Elizabeth Nowicki —  24 April 2007

Today, the SEC filed securities fraud charges against two former Apple senior executives for matters pertaining to Apple’s backdating scandal.  The SEC settled its claims against former Apple CFO Fred Anderson at the same time it filed suit.  Anderson will pay about $3.5 million in disgorgement and penalties.  Former Apple General Counsel Nancy Heinen did not settle with the SEC.  Hmmm.

A few comments:

1.  Heinen did not settle.  Why?  If she was given the option to settle, and she did not take it, she was, in my view, foolish.  I wonder, however, if she was not even given the option b/c the SEC wanted to make an example of her.  The SEC is not big on wasting resources on litigation when a settlement is possible, but….

2.  Anderson apparently did not have to agree to an O&D bar (a bar from serving as an officer or director in the future) in order to reach a settlement with the SEC.  I find that scandalous.  As a general matter, an O&D bar is a standard feature (it seems) in the smaller SEC fraud enforcement actions.  Why not here?  I cannot say that I *want* Mr.
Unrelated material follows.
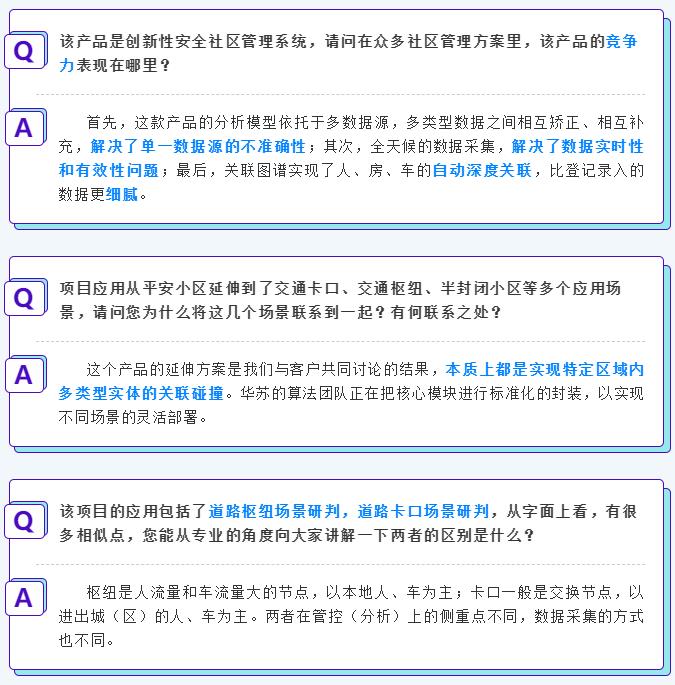 K8官网 - 天生赢家一触即发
Anderson to continue being an officer and/or a director of a publicly traded issuer.  (He currently is chairman of the audit committee of eBay.  Scary, that.)

3.  Some academics have questioned whether backdating constitutes fraud.  The SEC’s complaint lays out the facts responsive to that query very well.  Essentially, the SEC says that Heinen knew she was acting for purposes of deceiving others when she drafted board minutes for meetings that never took place and when she omitted information from other board minutes to avoid the auditors figuring out that the options were backdated.  Heinen did something deceitful that materially impacted Apple’s financial statements (by understating expenses dramatically).
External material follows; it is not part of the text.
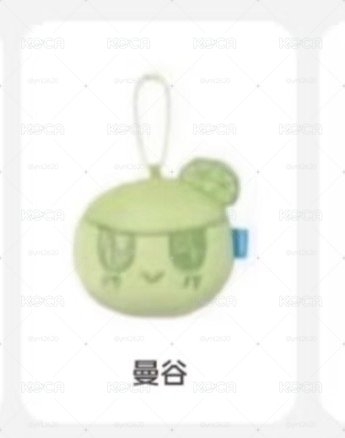 曼谷蹦蹦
4.  The SEC’s complaint indicates that the board members *knew* they were backdating.  That is a huge, huge problem for me.  When Heinen faxed to her directors resolutions that were dated six months prior, surely the directors asked questions.  If someone asked me to sign a document today that was dated January 1, 2007, I would ask why the date does not match today’s.  Yet the directors signed off of the backdated resolutions like a pack of lemmings.  That slays me.  (Actually, what slays me is that the Apple directors, who facilitated Heinen’s fraud, are not front and center in the SEC’s enforcement actions.  Heinen papered the backdating; without the board sign-off, Heinen could not have consummated the fraud.)

5.  Where does this leave Steve Jobs?  Will the SEC circle back around and come after him?